Following ref. 20, cyclone intensity was measured through SLP, the Laplacian of the SLP fields (which is proportional to vorticity), and depth which is a function of the squared radius and mean Laplacian in the immediate vicinity of the cyclone center. For all results, intensity refers to the Laplacian of the SLP fields in hPa-deg lat2 unless otherwise stated. All points within the radius of a cyclone were identified as part of the same cyclone event. Cyclone events were counted at each six-hourly time-step and divided by four to yield the count per day over each grid cell. For more details on the Melbourne University cyclone tracker, we refer readers to ref. 20,52. Note, our values in cyclone characteristics are comparatively larger than those in ref. 20. due to the Eulerian framework, mean radius, and the application of a 2-latitudinal degree buffer in the tracker for precipitation.
Ice mass balance buoys
Daily averages of snow depth data from 35 ice mass balance buoys (IMBs)23,54 for 2000–2015 were evaluated for snow accumulation events. These data were used to determine the number of accumulation events coinciding with cyclones detected by the cyclone tracker. These IMBs are listed in Supplementary Table 4. IMBs are equipped with a sonic range-finder which detects the snow (or ice) surface at four-hourly intervals. Given instrumental uncertainty and precision, we defined accumulation events as an increase in snow depth greater than one centimeter within a 24-hour window23. The data were quality checked for erroneous values due to changes in buoy orientation, the formation or removal of large snow drifts, and false GPS readings. While this check improves the data quality, some detected changes in surface elevations may be due to wind-driven redistribution of snow. The reader is referred to ref. 55. for additional details on the quality check.

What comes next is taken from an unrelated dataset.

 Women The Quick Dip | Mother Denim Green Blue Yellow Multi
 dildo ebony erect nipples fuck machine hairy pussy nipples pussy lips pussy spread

Sea ice freeze-up dates derived from passive microwave data40 were used to evaluate factors that influence the inter-annual variability in snow depth on sea ice. We selected continuous freeze-up dates rather than intermittent freeze-up dates due to the effects of melt on snow depth. Dates for autumn 1979–2015 correspond with snow depths from autumn 1979–2015 to the following spring 1980–2016 in the analysis since the timing of autumnal freeze-up can have long-lasting effects on snow accumulation.
Snow depth reconstructions
Daily snow depths were reconstructed following ref. 56. The approach synthesizes ERA-Interim reanalysis snowfall, sea ice motion57, and Bootstrap sea ice concentration58 data to estimate the accumulation of snow on drifting ice parcels when sea ice concentrations are 50% or higher and 2-m air temperatures are below freezing. To convert snowfall to snow depth, scaled climatological densities from ref. 12. were applied56. Initial snow depth values were set to zero on September 1 of each year to isolate the effects of cyclone activity on snow accumulation (Supplementary Fig. 4). The spatial domain of the reconstruction is smaller than the cyclone results, and is outlined by the dashed blue line in Fig. 1a. In this analysis, we define snow depth as the reconstructed value and snow accumulation as the difference in snow depth between the first and last time-step over a given duration of interest (e.g., monthly, annual). However, for the spring season, accumulation is calculated as the difference between the maximum snow depth and March 1 due to sea-ice retreat in May (which would otherwise yield negative snow accumulation). Snow depth for a given season is averaged.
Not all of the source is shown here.